L’île de la Tortue (« Turtle Island ») est le nom que certains peuples autochtones donnent à l’Amérique du Nord. Cette contre-carte est orientée vers l’est, c’est-à-dire en direction du soleil levant.The Decolonial Atlas, CC BY-NC-ND
Les cartes ne se contentent pas de représenter le monde : elles contribuent à le façonner. Longtemps utilisées pour asseoir le pouvoir politique, économique ou colonial, elles peuvent aussi, en réintroduisant les informations omises et en croisant des données rarement associées, révéler les inégalités, les exclusions et les rapports de force invisibles qui structurent nos territoires.
À travers l’histoire, les cartes ont été des outils précieux pour les puissants, leur permettant d’affirmer leur emprise sur des territoires et des marchés. Les responsables politiques engagent des batailles de redécoupage électoral à l’échelle nationale afin de garantir le contrôle de leur camp, affaiblissant ainsi le pouvoir des électeurs. Les postures géopolitiques de l’administration Trump à propos du Groenland s’inscrivent dans une longue histoire de l’impérialisme appuyé par les cartes. Et dans la Rome antique, la table de Peutinger représentait une vision immense de l’Empire en plaçant Rome au centre du monde.
Mais les cartes peuvent aussi raconter des histoires cachées sur la politique et le pouvoir, permettant aux populations de se réapproprier leurs espaces et leur avenir. C’est notamment le cas des contre-cartes – c’est-à-dire des cartes qui remettent en question les présupposés existants – en élargissant les récits dominants sur un lieu pour y intégrer des points de vue jusque-là exclus.
Comme urbaniste, architecte, cartographe et chercheuse en politique de l’espace, j’ai pu constater de quelle manière les cartes façonnent les espaces urbains et les récits que l’on construit à leur sujet.

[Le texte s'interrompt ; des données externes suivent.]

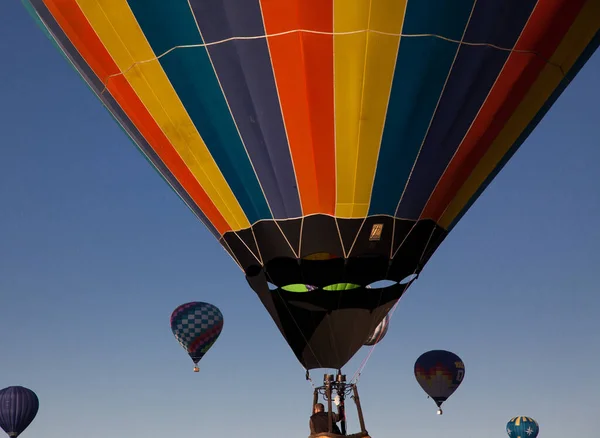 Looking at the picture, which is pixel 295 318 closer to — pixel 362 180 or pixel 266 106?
pixel 362 180

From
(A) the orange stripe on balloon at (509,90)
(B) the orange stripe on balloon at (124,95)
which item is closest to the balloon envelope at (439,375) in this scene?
(A) the orange stripe on balloon at (509,90)

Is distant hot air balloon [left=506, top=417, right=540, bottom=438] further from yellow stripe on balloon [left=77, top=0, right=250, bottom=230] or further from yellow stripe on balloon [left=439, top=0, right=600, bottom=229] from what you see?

J’ai également vu comment elles peuvent remettre en question ces récits et faire émerger d’autres significations d’un lieu, portées par les habitants et les travailleurs qui l’occupent au quotidien.
Bien plus que de simples outils numériques d’orientation, les cartes sont des instruments stratégiques de construction du monde. Elles montrent que certaines idées ou frontières que l’on croit immuables peuvent en réalité être rendues flexibles. Chacun peut créer une carte et, parce qu’elles sont des outils de narration spatiale, les possibilités qu’elles révèlent sur les lieux sont pratiquement infinies.
Qui fabrique les cartes ?
Le géographe Mark Monmonier est célèbre pour avoir expliqué comment mentir avec les cartes. Il soulignait que les producteurs de cartes disposant d’un pouvoir important, qu’il s’agisse des gouvernements ou des entreprises, recourent à une sélection des informations afin de promouvoir des objectifs particuliers ou de diffuser une image de marque.
Les cartes routières de Shell Oil des années 1950 constituent un exemple révélateur de l’utilisation des cartes comme outil marketing. Arborant un grand logo en couverture et la rose des vents aux couleurs de Shell à l’intérieur, ces cartes étaient distribuées gratuitement dans les stations-service à travers le pays. Elles faisaient la promotion de la marque tout en facilitant les déplacements en automobile grâce à la représentation des routes et des principaux points de repère. Au verso figuraient également des tableaux de kilométrage permettant aux automobilistes de planifier leurs arrêts pour faire le plein. En revanche, ces cartes passaient sous silence les réseaux de transport concurrents, comme les lignes d’autobus.
Les institutions publiques et les organismes nés de partenariats public-privé utilisent également des cartes pour promouvoir certains agendas politiques. Ainsi les cartes de redlining (une pratique consistant à exclure certains quartiers de l’accès au crédit immobilier) de la Home Owners’ Loan Corporation des années 1930 montrent de manière particulièrement explicite comment les pouvoirs publics et le secteur immobilier se sont servis des cartes pour exclure certaines communautés. Réalisées pour la quasi-totalité des grandes villes américaines, elles identifiaient comme risqués pour les prêteurs les quartiers où vivaient les Afro-Américains, les excluant de fait de l’accès à la propriété.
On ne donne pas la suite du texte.